Scores of the 54 samples along the Arka River and loadings of the 23 studied parameters on PC2 (sampling dates: 1: 3 March; 2: 17 March; 3: 7 April; 4: 28 April; 5: 5 June; 6: 23 June; 7: 15 July 2014)

Fig. 6
figure 6

Scores of the 54 samples along the Arka River and loadings of the 23 studied parameters on PC3 (sampling dates: 1: 3 March; 2: 17 March; 3: 7 April; 4: 28 April; 5: 5 June; 6: 23 June; 7: 15 July 2014)

Specific ultraviolet absorption indices

The evolution of SUVA values for all surface water samples are shown in the box plot presentation in Fig. 7. SUVA values are presented as a function of each sampling location during the season. SUVA was proved to be well correlated with the aromatic content of natural organic material (NOM) dissolved into water (Bazrafshan et al. 2012). In fact, aromatic and humic substances represent higher absorption at 254 nm than aliphatic and non-humic substances (Hua et al. 2015). Moreover, SUVA values of a water have been found to be a good surrogate for hydrophobic, aromatic, and high molecular weight (MW) NOM fractions, such as humic and fulvic acids (Ates et al. 2007). Therefore, higher SUVA values provide a preliminary indication that organic compounds originate from natural humic substances, where lower SUVA values point to an anthropogenic non-humic source (Bazrafshan et al. 2012). Looking at the box plot of Fig. 7, it can be noticed that higher SUVA values are obtained for stations 1 and 2. These values decrease and oscillate around the reference value of 4 L mg−1 m−1 for all remaining stations. This observation may be explained by the fact that stations 1 and 2 are the nearest to the spring; thus, all organic matter originates from natural sources.
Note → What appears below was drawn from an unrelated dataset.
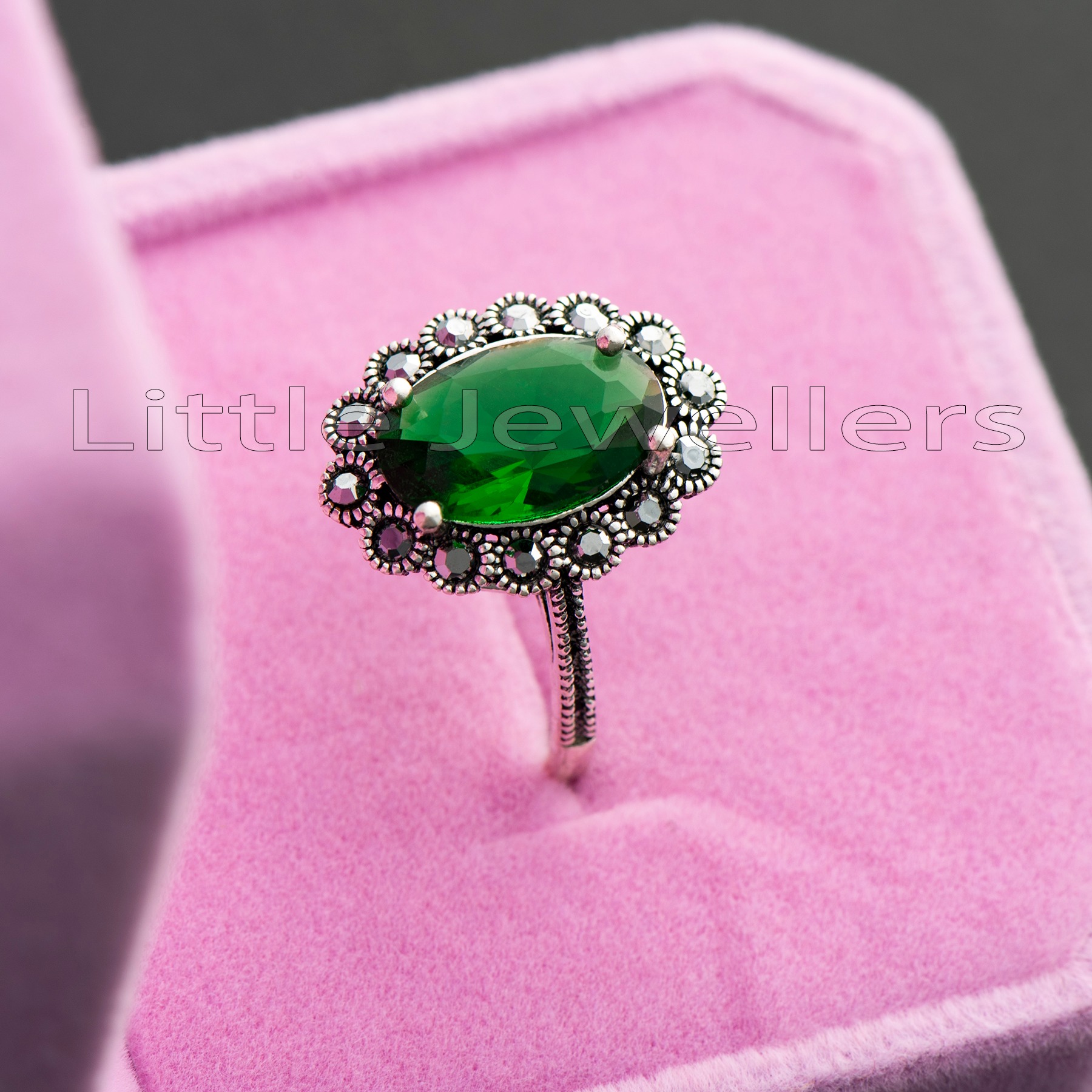 Do you want an accessory that can work with any outfit? Take a look at this silver green ring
However, starting from station 3 and for stations across the Akkar flatland, organic matter originates mainly from anthropogenic sources due to human activities. These results perfectly superimpose those obtained in PC2 (Fig. 5) and PC3 (Fig. 6), where the same effect is highlighted.

Fig. 7
figure 7

Evolution of Specific UV Absorption (SUVA) for the eight sampling sites along the Arka River

Conclusion

This study was undertaken in order to monitor the water quality in the Arka River, which constitutes the main inland water resource for human and agricultural needs in the Akkar region, located north of Lebanon. For this purpose, 19 physicochemical parameters and 4 microbiological ones were assessed for 8 sampling locations along the studied river and for 7 sampling campaigns between March and July 2014. PCA was used to evaluate the spatial and temporal variations in surface water quality, being one of the most established multivariate analysis techniques in this field. In a first step, two PCs were considered, one characterized by mineral parameters and the second, by organic and bacteriological parameters. Two particular samples were discriminated due to punctual meteorological and anthropogenic breakthroughs. In order to extract further meaningful discriminations, these two samples were removed and a second PCA was performed on the reduced matrix. The new PCA results highlighted several spatial and temporal trends and helped extract and identify the factors responsible for variations in water quality. Parameters responsible for these variations were related to physicochemical parameters originating from soil leaching and intrusion of seawater but also to organic and bacteriological parameters indicating an anthropogenic pollution especially for stations located in the Akkar flatland. SUVA results validated these findings and showed that indices decreased while going away from the source, indicating a more pronounced anthropogenic character for the dissolved organic matter. As a conclusion, this study allowed a clear assessment of surface water quality of the Arka River which will hopefully lead to identify and control pollution sources coming mainly from the flatland and the surrounding villages. Therefore, an effective surface water quality management system may be established enabling a proper use of water for irrigation purposes.